Pat Christenson has become a fan of rodeo and racing as president of Las Vegas Events, but he has a special interest in this weekend’s U.S. Olympic Wrestling and Judo Team Trials at the Thomas & Mack Center.

Christenson has never ridden a bull or competed in a race car, but he knows a lot about freestyle wrestling.

He won an NCAA individual title in 1976 while a senior at Wisconsin and participated in the U.S. Olympic Trials that year.

“I’ll definitely have a greater understanding and appreciation for what these athletes are going through,” Christenson said of the competition that begins Friday.

“There is nothing I understand or appreciate more than amateur wrestling. It’s what I grew up doing.”

The three-day trials will determine U.S. team members for the Beijing Olympics in freestyle wrestling and judo for men and women and in men’s Greco-Roman wrestling.

Competition will be held in judo Friday and Saturday, with wrestling contested through Sunday. Each day includes 10 a.m.-2 p.m. and 5-7:30 p.m. sessions, with some Olympic team members determined each night.

“From an amateur perspective, there is no higher honor than to compete for your country at the Olympics, other than going there and winning a medal,” Christenson said.

Christenson, a UNLV assistant wrestling coach from 1980 to 1983, finished with a 2-3 record in the 1976 trials.

“The guys who beat me deserved to go to the Olympics, and my focus always had been on winning an NCAA championship,” said Christenson, who competed at 167 pounds and earned four letters with the Badgers.
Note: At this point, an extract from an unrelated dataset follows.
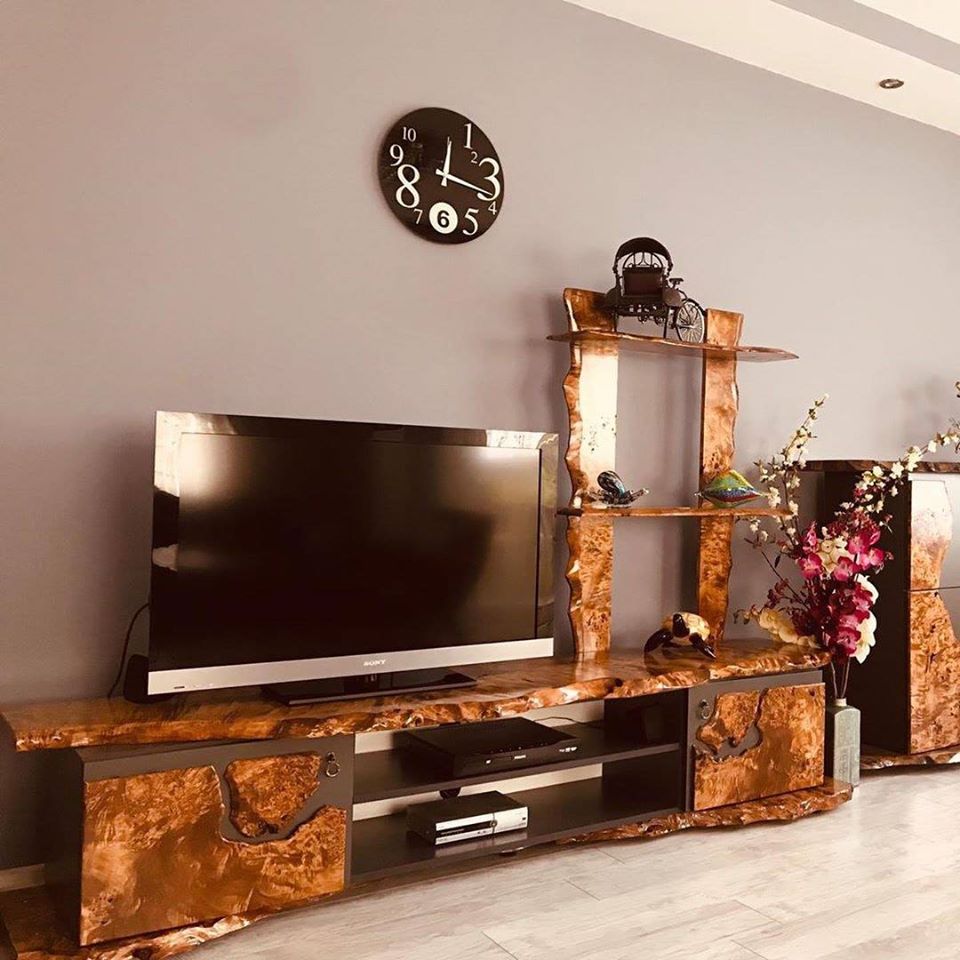 tv unit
Christenson considered training for the 1980 Moscow Olympics but instead began working after college.

It turned out to be a wise choice, as then-President Carter decided the United States would boycott the Moscow Games to protest the Soviet invasion of Afghanistan.

In 1980, Christenson was hired as event coordinator for the UNLV athletic department.

Christenson’s background afforded close ties to USA Wrestling, the sport’s American governing body. He began discussions about Las Vegas hosting the trials about 12 years ago, and serious talks followed four years ago.

Las Vegas Events, which operates under a grant from the Las Vegas Convention and Visitors Authority, is the trials promoter and relies on revenue from ticket sales and sponsorship revenue to offset the event’s budget.

But, Christenson notes, the trials are being held in June, when hotel occupancy can use a boost. Event officials, coaches and supporters for about 400 athletes will provide that.

“It’s another strong, neutral-site special event,” he said.

“The most important aspect of any of our events, whether it’s off-road racing, rodeo or NASCAR, is the fan experience part of it. That comes first.”